In its terms of service, ChatGPT forbids its use for a few select reasons. This list of prohibited actions starts with those that have obvious legal implications, like the furtherance of illegal acts, but also includes things like the unauthorized practice of law, unaided financial advice, and medical diagnosis or treatment. The reason why ChatGPT is not appropriate for such applications is because the system is not actually capable of making informed judgements based on situational variables, only of generating natural-sounding sentences on the topics of the prompts. It does not think and reason the way that humans do, but strings together words based on the probability of them appearing together. In fact, because the accuracy of the information presented is not actually a factor in the answers generated, such systems are known to “hallucinate” information that, if treated as fact and acted upon, could lead to severe harm.
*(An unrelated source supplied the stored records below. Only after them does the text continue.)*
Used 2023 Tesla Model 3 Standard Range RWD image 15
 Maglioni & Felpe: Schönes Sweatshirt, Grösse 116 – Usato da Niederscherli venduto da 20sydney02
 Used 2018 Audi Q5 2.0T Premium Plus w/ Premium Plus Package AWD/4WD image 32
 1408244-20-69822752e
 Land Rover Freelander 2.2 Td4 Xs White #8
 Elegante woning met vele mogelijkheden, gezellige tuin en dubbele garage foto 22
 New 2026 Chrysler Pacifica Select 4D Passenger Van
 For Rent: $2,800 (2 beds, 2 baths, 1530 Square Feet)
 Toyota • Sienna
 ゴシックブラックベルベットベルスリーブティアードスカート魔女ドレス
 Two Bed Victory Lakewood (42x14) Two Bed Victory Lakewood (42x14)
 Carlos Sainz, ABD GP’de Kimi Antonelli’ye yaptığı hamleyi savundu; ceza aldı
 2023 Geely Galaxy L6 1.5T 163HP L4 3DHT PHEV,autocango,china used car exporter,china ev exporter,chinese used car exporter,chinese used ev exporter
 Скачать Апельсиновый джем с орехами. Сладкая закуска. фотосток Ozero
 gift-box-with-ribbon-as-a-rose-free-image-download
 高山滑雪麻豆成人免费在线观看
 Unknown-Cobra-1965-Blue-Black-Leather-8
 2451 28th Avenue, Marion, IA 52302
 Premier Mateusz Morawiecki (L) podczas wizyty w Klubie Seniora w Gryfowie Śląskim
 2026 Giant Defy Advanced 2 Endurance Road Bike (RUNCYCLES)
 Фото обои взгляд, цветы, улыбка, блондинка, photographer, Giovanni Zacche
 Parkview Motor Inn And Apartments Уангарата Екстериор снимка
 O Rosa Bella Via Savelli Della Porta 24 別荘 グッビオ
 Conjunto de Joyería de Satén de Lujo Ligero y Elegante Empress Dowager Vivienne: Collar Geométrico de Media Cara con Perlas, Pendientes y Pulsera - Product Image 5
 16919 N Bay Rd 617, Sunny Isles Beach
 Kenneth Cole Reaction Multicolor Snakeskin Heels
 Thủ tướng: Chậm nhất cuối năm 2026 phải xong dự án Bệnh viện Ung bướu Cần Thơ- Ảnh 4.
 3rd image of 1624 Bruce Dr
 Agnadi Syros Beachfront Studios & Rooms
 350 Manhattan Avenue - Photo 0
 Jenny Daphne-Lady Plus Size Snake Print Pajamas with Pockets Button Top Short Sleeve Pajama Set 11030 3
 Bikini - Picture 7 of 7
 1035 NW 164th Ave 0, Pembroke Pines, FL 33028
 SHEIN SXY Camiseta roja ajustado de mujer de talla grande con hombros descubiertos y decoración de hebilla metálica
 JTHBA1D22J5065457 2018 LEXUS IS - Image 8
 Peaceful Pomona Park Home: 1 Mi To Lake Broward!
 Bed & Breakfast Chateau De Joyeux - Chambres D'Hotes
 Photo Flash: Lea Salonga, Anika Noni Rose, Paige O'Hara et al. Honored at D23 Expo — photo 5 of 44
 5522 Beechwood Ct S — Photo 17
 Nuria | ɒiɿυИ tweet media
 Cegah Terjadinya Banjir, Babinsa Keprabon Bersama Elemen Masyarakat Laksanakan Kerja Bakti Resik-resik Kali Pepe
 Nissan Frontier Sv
Receiving bad information in the three fields listed above can have enormous impacts on people’s lives and livelihoods. So, to even insinuate that the automatically generated results of an AI system can be treated as actual advice in one of these fields without verification by a human specialist would be disingenuous and morally corrupt, in addition to being a violation of OpenAI’s ToS and in some cases illegal.
1. False Information and Hallucinations
Even without considering the specific fields of law, finance, and healthcare, one particularly harmful misconception about ChatGPT is the idea that it can be used like a detailed search engine to generate long-form factual responses to question prompts. Throughout the usage policies and terms of service presented by OpenAI, the creators of ChatGPT, they reiterate the fact that automatically generated output may not be accurate and should be independently verified.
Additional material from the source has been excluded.